For the Old Testament, Abraham behaved in this circumstance as the complete model of the just one who, with total trust in God, obeys him, whatever is asked. In Isaac—Abraham’s only son—rested the promise of posterity made to the patriarch. Abraham does not doubt God’s faithfulness for a single instant.

The New Testament has retained the lesson of faith given by Abraham. It is a text from the Letter to the Hebrews that gave form to the Christian reading of Abraham’s sacrifice.

‘By faith Abraham, when put to the test, offered up Isaac, and he who had received the promise was ready to offer his only son, of whom it was said ‘Through Isaac descendants shall bear your name.’ He reasoned that God was able to raise even from the dead, and he received Isaac back as a symbol.’ (Heb 11:17-19)

On the basis of this text, most Father’s of the Church have seen in Isaac the prophetic figure of Christ. This is also why the sacrifice of Abraham is often represented on frescoes, in particular those of the Roman cemeteries —the catacombs—and sarcophagi. Eucharistic Prayer 1 (The Roman Canon) places side by side the sacrifice of Abraham and the offering of the Eucharist: ‘Look with favour on these offerings and accept them as once you accepted the sacrifice of Abraham, our father in faith….’

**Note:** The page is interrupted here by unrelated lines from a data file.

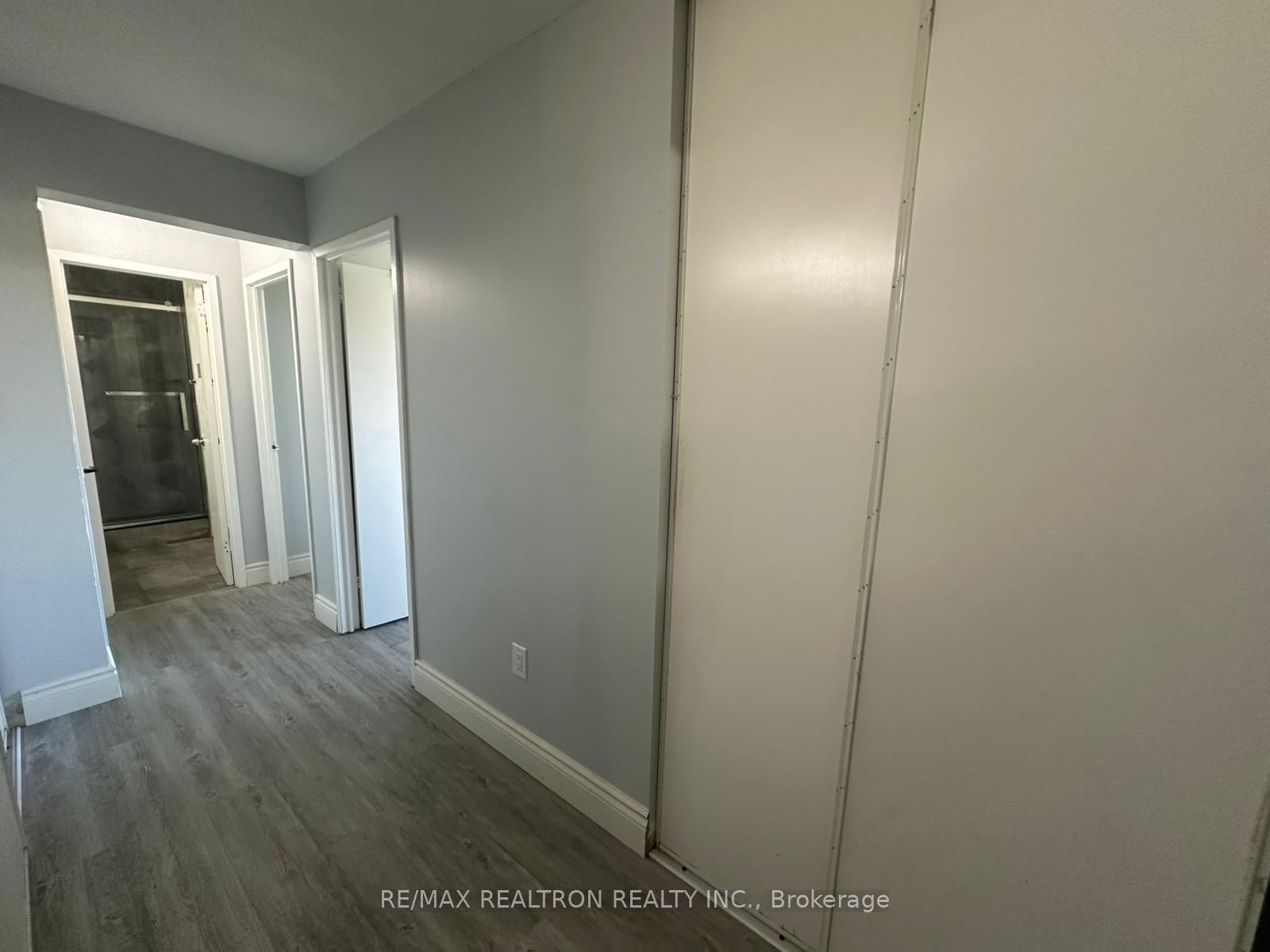 100 Leeward Glenway 1401 Property Photo 13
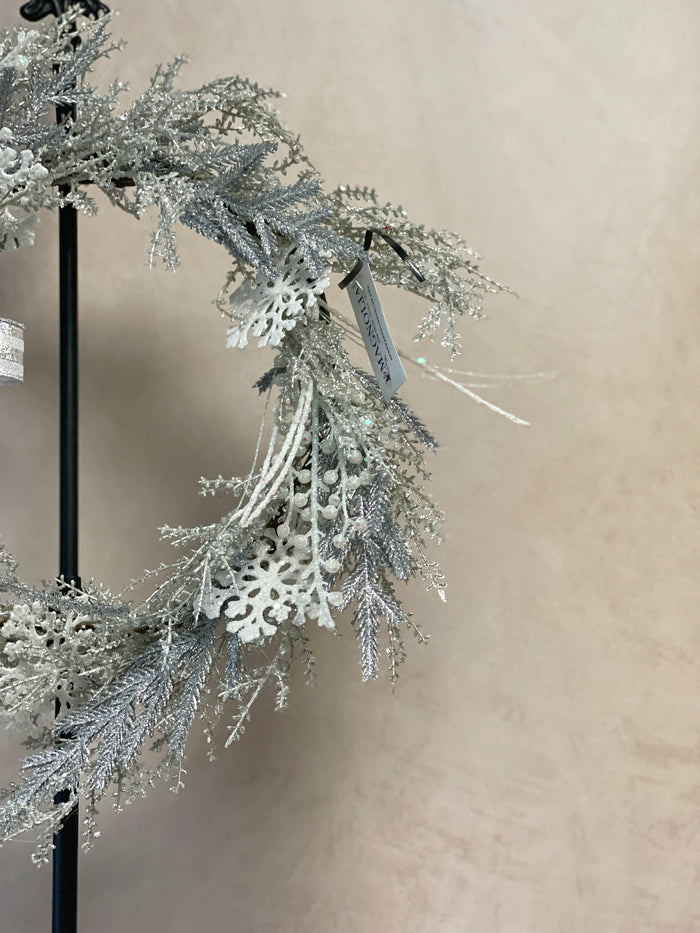 20" Frozen In Time Wreath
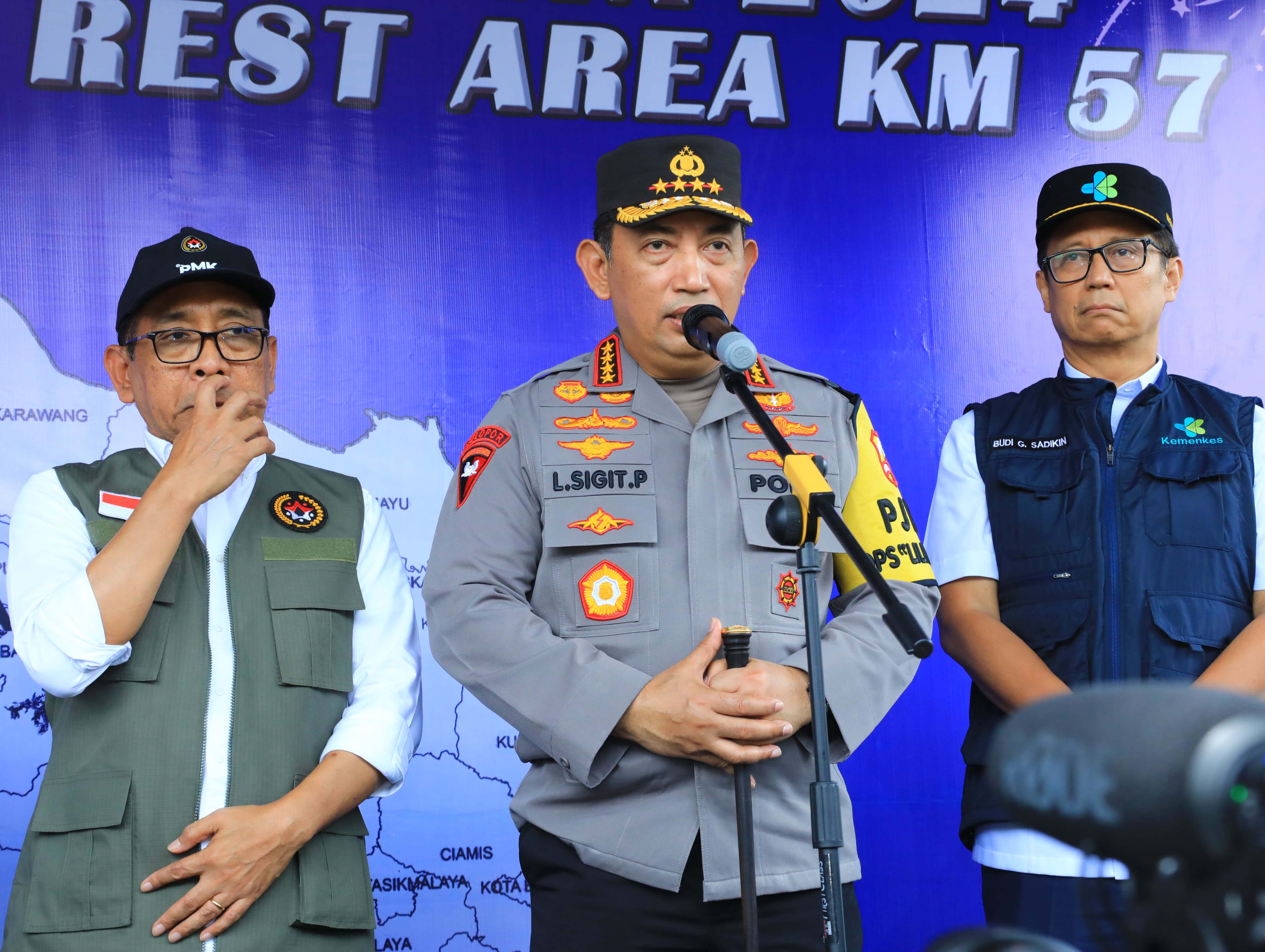 Kapolri Listyo Sigit Prabowo saat memberikan keterangan mengenai arus libur Nataru di Rest Area KM 57 Karawang. (Mabes Polri)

The Laura Sion, the sequence of the Mass of the Feast of the Body and Blood of Christ, attributed to Saint Thomas Aquinas (1225-74), states as a commonly accepted notion that the sacrifice of Isaac prefigures that of Christ. In their celebrations, Christians cannot commemorate the sacrifice of Isaac outside of this perspective. This episode from Abraham’s story turns their gaze to the present and the future of a covenant that must benefit ‘all the communities of the earth.’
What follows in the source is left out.